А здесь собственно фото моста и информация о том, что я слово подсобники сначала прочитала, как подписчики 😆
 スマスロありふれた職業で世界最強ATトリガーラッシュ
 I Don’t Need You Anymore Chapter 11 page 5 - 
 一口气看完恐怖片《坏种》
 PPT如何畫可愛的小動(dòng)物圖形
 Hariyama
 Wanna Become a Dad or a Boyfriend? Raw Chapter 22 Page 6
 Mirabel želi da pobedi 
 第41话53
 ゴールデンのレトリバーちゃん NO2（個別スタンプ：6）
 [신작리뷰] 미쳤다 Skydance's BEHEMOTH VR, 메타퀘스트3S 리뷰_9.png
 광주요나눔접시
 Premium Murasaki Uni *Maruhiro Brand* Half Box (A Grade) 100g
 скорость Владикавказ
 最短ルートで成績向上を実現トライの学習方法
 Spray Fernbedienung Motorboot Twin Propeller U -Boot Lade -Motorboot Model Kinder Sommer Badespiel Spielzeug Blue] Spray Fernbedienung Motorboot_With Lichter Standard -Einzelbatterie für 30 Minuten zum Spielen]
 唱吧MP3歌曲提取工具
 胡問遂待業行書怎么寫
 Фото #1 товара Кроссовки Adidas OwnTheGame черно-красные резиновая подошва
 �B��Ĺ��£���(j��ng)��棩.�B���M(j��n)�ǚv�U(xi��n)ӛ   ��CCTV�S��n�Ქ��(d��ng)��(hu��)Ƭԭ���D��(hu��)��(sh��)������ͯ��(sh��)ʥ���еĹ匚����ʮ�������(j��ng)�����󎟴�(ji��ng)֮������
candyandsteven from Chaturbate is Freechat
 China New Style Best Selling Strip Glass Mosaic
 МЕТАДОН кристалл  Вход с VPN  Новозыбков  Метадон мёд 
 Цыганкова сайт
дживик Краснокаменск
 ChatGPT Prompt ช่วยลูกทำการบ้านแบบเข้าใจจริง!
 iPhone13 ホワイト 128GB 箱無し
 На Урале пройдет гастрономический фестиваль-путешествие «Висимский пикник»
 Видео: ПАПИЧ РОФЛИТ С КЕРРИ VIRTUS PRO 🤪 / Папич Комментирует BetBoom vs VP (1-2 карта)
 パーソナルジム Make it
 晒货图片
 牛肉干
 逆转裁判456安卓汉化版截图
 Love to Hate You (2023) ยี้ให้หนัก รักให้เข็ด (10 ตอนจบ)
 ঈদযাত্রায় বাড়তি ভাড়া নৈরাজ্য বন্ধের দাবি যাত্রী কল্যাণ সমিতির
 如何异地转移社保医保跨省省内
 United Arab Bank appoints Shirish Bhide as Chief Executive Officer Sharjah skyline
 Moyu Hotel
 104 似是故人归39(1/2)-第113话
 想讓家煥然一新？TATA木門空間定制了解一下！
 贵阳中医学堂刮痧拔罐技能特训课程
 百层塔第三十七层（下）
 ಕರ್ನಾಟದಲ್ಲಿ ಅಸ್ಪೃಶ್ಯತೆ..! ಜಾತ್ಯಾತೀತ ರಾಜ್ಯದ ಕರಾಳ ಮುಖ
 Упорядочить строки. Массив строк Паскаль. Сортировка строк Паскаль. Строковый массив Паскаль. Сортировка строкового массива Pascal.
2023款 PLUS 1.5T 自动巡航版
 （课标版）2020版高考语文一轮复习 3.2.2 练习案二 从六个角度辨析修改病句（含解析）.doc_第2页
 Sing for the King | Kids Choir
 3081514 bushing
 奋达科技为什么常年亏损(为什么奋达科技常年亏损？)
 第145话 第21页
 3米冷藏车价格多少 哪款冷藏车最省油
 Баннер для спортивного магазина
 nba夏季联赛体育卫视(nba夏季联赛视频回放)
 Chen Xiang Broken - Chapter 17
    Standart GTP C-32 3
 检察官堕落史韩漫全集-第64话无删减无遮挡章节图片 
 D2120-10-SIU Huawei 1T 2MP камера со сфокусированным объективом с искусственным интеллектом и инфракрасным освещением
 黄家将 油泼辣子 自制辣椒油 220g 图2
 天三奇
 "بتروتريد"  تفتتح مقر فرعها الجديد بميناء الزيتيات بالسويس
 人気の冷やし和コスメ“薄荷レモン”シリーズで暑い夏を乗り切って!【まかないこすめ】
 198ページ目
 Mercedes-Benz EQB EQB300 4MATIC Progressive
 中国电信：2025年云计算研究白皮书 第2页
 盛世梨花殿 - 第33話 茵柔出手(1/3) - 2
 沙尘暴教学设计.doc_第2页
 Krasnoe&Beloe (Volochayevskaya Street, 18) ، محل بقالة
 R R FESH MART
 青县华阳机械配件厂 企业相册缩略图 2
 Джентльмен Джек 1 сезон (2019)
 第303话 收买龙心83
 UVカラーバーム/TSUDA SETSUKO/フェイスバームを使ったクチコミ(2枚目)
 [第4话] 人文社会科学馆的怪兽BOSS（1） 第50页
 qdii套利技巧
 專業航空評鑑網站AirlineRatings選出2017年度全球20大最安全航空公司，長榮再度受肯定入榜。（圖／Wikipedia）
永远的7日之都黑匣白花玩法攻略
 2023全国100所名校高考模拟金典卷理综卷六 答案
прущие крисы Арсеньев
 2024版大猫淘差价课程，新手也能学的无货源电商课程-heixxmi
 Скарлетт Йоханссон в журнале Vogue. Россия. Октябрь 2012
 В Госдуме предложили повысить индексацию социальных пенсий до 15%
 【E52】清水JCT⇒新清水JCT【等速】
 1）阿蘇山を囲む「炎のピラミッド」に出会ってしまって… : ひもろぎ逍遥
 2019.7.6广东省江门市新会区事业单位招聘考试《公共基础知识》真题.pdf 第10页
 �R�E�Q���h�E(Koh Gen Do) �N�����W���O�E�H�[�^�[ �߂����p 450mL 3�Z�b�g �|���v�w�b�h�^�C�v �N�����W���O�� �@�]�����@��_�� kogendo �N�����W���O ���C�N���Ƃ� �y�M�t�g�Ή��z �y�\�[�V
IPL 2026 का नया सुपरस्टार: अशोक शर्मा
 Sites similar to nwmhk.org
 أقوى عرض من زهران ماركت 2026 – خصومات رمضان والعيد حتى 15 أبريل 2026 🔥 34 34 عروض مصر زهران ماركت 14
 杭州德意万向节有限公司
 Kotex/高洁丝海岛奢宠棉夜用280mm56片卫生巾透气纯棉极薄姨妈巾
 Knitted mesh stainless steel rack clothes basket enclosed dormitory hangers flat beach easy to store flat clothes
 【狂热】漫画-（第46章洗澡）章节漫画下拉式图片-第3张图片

Task description → Once the records have been read, print them all again exactly.

Task solution →
А здесь собственно фото моста и информация о том, что я слово подсобники сначала прочитала, как подписчики 😆
 スマスロありふれた職業で世界最強ATトリガーラッシュ
 I Don’t Need You Anymore Chapter 11 page 5 - 
 一口气看完恐怖片《坏种》
 PPT如何畫可愛的小動(dòng)物圖形
 Hariyama
 Wanna Become a Dad or a Boyfriend? Raw Chapter 22 Page 6
 Mirabel želi da pobedi 
 第41话53
 ゴールデンのレトリバーちゃん NO2（個別スタンプ：6）
 [신작리뷰] 미쳤다 Skydance's BEHEMOTH VR, 메타퀘스트3S 리뷰_9.png
 광주요나눔접시
 Premium Murasaki Uni *Maruhiro Brand* Half Box (A Grade) 100g
 скорость Владикавказ
 最短ルートで成績向上を実現トライの学習方法
 Spray Fernbedienung Motorboot Twin Propeller U -Boot Lade -Motorboot Model Kinder Sommer Badespiel Spielzeug Blue] Spray Fernbedienung Motorboot_With Lichter Standard -Einzelbatterie für 30 Minuten zum Spielen]
 唱吧MP3歌曲提取工具
 胡問遂待業行書怎么寫
 Фото #1 товара Кроссовки Adidas OwnTheGame черно-красные резиновая подошва
 �B��Ĺ��£���(j��ng)��棩.�B���M(j��n)�ǚv�U(xi��n)ӛ   ��CCTV�S��n�Ქ��(d��ng)��(hu��)Ƭԭ���D��(hu��)��(sh��)������ͯ��(sh��)ʥ���еĹ匚����ʮ�������(j��ng)�����󎟴�(ji��ng)֮������
candyandsteven from Chaturbate is Freechat
 China New Style Best Selling Strip Glass Mosaic
 МЕТАДОН кристалл  Вход с VPN  Новозыбков  Метадон мёд 
 Цыганкова сайт
дживик Краснокаменск
 ChatGPT Prompt ช่วยลูกทำการบ้านแบบเข้าใจจริง!
 iPhone13 ホワイト 128GB 箱無し
 На Урале пройдет гастрономический фестиваль-путешествие «Висимский пикник»
 Видео: ПАПИЧ РОФЛИТ С КЕРРИ VIRTUS PRO 🤪 / Папич Комментирует BetBoom vs VP (1-2 карта)
 パーソナルジム Make it
 晒货图片
 牛肉干
 逆转裁判456安卓汉化版截图
 Love to Hate You (2023) ยี้ให้หนัก รักให้เข็ด (10 ตอนจบ)
 ঈদযাত্রায় বাড়তি ভাড়া নৈরাজ্য বন্ধের দাবি যাত্রী কল্যাণ সমিতির
 如何异地转移社保医保跨省省内
 United Arab Bank appoints Shirish Bhide as Chief Executive Officer Sharjah skyline
 Moyu Hotel
 104 似是故人归39(1/2)-第113话
 想讓家煥然一新？TATA木門空間定制了解一下！
 贵阳中医学堂刮痧拔罐技能特训课程
 百层塔第三十七层（下）
 ಕರ್ನಾಟದಲ್ಲಿ ಅಸ್ಪೃಶ್ಯತೆ..! ಜಾತ್ಯಾತೀತ ರಾಜ್ಯದ ಕರಾಳ ಮುಖ
 Упорядочить строки. Массив строк Паскаль. Сортировка строк Паскаль. Строковый массив Паскаль. Сортировка строкового массива Pascal.
2023款 PLUS 1.5T 自动巡航版
 （课标版）2020版高考语文一轮复习 3.2.2 练习案二 从六个角度辨析修改病句（含解析）.doc_第2页
 Sing for the King | Kids Choir
 3081514 bushing
 奋达科技为什么常年亏损(为什么奋达科技常年亏损？)
 第145话 第21页
 3米冷藏车价格多少 哪款冷藏车最省油
 Баннер для спортивного магазина
 nba夏季联赛体育卫视(nba夏季联赛视频回放)
 Chen Xiang Broken - Chapter 17
    Standart GTP C-32 3
 检察官堕落史韩漫全集-第64话无删减无遮挡章节图片 
 D2120-10-SIU Huawei 1T 2MP камера со сфокусированным объективом с искусственным интеллектом и инфракрасным освещением
 黄家将 油泼辣子 自制辣椒油 220g 图2
 天三奇
 "بتروتريد"  تفتتح مقر فرعها الجديد بميناء الزيتيات بالسويس
 人気の冷やし和コスメ“薄荷レモン”シリーズで暑い夏を乗り切って!【まかないこすめ】
 198ページ目
 Mercedes-Benz EQB EQB300 4MATIC Progressive
 中国电信：2025年云计算研究白皮书 第2页
 盛世梨花殿 - 第33話 茵柔出手(1/3) - 2
 沙尘暴教学设计.doc_第2页
 Krasnoe&Beloe (Volochayevskaya Street, 18) ، محل بقالة
 R R FESH MART
 青县华阳机械配件厂 企业相册缩略图 2
 Джентльмен Джек 1 сезон (2019)
 第303话 收买龙心83
 UVカラーバーム/TSUDA SETSUKO/フェイスバームを使ったクチコミ(2枚目)
 [第4话] 人文社会科学馆的怪兽BOSS（1） 第50页
 qdii套利技巧
 專業航空評鑑網站AirlineRatings選出2017年度全球20大最安全航空公司，長榮再度受肯定入榜。（圖／Wikipedia）
永远的7日之都黑匣白花玩法攻略
 2023全国100所名校高考模拟金典卷理综卷六 答案
прущие крисы Арсеньев
 2024版大猫淘差价课程，新手也能学的无货源电商课程-heixxmi
 Скарлетт Йоханссон в журнале Vogue. Россия. Октябрь 2012
 В Госдуме предложили повысить индексацию социальных пенсий до 15%
 【E52】清水JCT⇒新清水JCT【等速】
 1）阿蘇山を囲む「炎のピラミッド」に出会ってしまって… : ひもろぎ逍遥
 2019.7.6广东省江门市新会区事业单位招聘考试《公共基础知识》真题.pdf 第10页
 �R�E�Q���h�E(Koh Gen Do) �N�����W���O�E�H�[�^�[ �߂����p 450mL 3�Z�b�g �|���v�w�b�h�^�C�v �N�����W���O�� �@�]�����@��_�� kogendo �N�����W���O ���C�N���Ƃ� �y�M�t�g�Ή��z �y�\�[�V
IPL 2026 का नया सुपरस्टार: अशोक शर्मा
 Sites similar to nwmhk.org
 أقوى عرض من زهران ماركت 2026 – خصومات رمضان والعيد حتى 15 أبريل 2026 🔥 34 34 عروض مصر زهران ماركت 14
 杭州德意万向节有限公司
 Kotex/高洁丝海岛奢宠棉夜用280mm56片卫生巾透气纯棉极薄姨妈巾
 Knitted mesh stainless steel rack clothes basket enclosed dormitory hangers flat beach easy to store flat clothes
 【狂热】漫画-（第46章洗澡）章节漫画下拉式图片-第3张图片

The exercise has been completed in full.